WHAT IS BEING ASKED | This exercise calls for the line with "Video Bitrate Resolution", the line with "indicators of seawater", and all lines between them in the material below, output exactly and with no other lines.

AVAILABLE RECORDS |
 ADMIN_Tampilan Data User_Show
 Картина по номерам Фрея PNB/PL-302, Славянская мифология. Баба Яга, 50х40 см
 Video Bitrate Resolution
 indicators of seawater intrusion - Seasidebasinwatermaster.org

...

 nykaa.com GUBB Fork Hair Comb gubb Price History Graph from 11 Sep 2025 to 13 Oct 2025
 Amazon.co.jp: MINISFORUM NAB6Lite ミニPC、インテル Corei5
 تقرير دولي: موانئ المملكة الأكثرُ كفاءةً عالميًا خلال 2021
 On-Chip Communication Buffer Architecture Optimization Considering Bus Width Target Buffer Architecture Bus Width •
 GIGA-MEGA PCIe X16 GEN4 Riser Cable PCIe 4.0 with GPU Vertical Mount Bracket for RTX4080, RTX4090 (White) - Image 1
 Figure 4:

SOLUTION |
 Video Bitrate Resolution
 indicators of seawater intrusion - Seasidebasinwatermaster.org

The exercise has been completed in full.